CMP Rs322, Target Rs350, Upside 8.7%
Topline of Rs194bn was quite higher than our estimate of Rs175bn on the back of strong realisations
Realisations for the quarter jumped 13.6% qoq to Rs1,581/ton due to higher proportion of e-auction sales and impact of the GCV based pricing
Offtake during the quarter increased by 6.5% yoy to 123mn tons, inline with our estimates
Employee costs surged 61.3% qoq to Rs90.7bn on account of higher provisioning for the wage increase
EBIDTA/ton decreased from Rs412 in Q3 FY12 and Rs451 in Q4 FY11 to Rs308, quite lower than our estimate of Rs470
The impact of higher realizations on margins was offset by a jump in costs, largely due to employee costs, overburden removal adjustment and contractual costs
Maintain our Market Performer rating with a 9-month price target of Rs350
Strong realizations led to an outperformance in topline
Q4 FY12 revenue of Rs194bn was 29.3% higher on a yoy basis and 26.5% on a qoq basis. It was even higher than our estimate of Rs174.5bn due to a jump in realizations and Rs10bn received on account of incentives booked in Q4 FY12. We had estimated realizations to increase from Rs1,380/ton in Q3 FY12 to Rs1,427/ton on the back of higher e-auction sales and impact of change to GCV based pricing. CIL managed to report realizations of Rs1,581/ton during the quarter, which was quite higher than our estimate. Coal off take during the quarter was higher by 6.5% on a yoy basis and 11.4% qoq. Production for the quarter was 9.7% higher yoy. E-auction prices remained constant on a qoq basis and that of FSA increased 19.4% qoq. Prices of washed coal too were 16% higher qoq.
EBIDTA/ton shrinks to Rs308 from Rs412 in Q3 FY12
CIL in Q4 FY12 reported an operating profit of Rs37.8bn, which was lower by 27.1% yoy and 16.7% qoq. The jump in costs led to a margin squeeze of 15.1ppts yoy and 10.1ppts qoq to 19.5%, lowest since the time of listing. The underperformance in margins was largely due to a jump in costs of production, led by employee and overburden removal provision. In Q3 FY12, CIL provided ~Rs7.7bn towards wage arrears, which in management's view would have covered ~24% increase in wage cost. However, the wage negotiation was completed with an increase of 25% in basic pay, 4% in perks (as % of basic) and 2% in HRA (% of basis), leading to ~31% increase in wage cost. As a result, employee provisioning was quite higher during the quarter, leading to a huge jump in employee costs. The increase in employee wages led to a one-time impact of actuarial gratuity provisioning to the tune of Rs25bn. Employee costs for the quarter jumped 61.3% higher on a qoq basis to Rs90.7bn. Contractual expenses per ton of coal increased by 13.8% qoq and that of stores & spares per ton of coal jumped 10.5% qoq. Overburden removal provision which was in the declining trend over the last three quarters soared 125% qoq. All major costs except power & fuel costs were higher on a qoq basis. As a result, total costs per ton of coal increased from Rs980 in Q3 FY12 and Rs852 in Q4 FY11 to Rs1,273. EBITDA/ton shrunk to Rs308 from Rs412 in Q3 FY12 and Rs451 in Q4 FY11.

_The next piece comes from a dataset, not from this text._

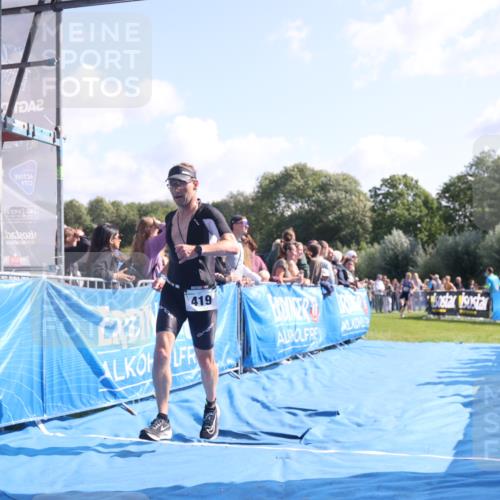 25.08.2024 - Elbe Triathlon Hamburg H.Heesch http://msf.ph/oto/6871800 25.08.2024 11:09:43 Ziel 419, 469, 573, 578 meine-sportfotos.de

Coal India has traded sideways over the last one quarter as concerns over FSA signings continue to remain an overhang. The issues related to wage negotiations are behind us and would reduce the uncertainty over the stock in the near term. As Coal India passes through a phase wherein key policy developments relating to the power sectors are in the offing, the actual impact of which remains uncertain. We maintain our Market Performer rating on the stock as we believe that the company would not be able to pass the complete increase in employee costs by raising prices for coal meant for the power sector. On account of the lack of positive triggers in the near term, we maintain our Market Performer rating on the stock with a 9-month price target of Rs350.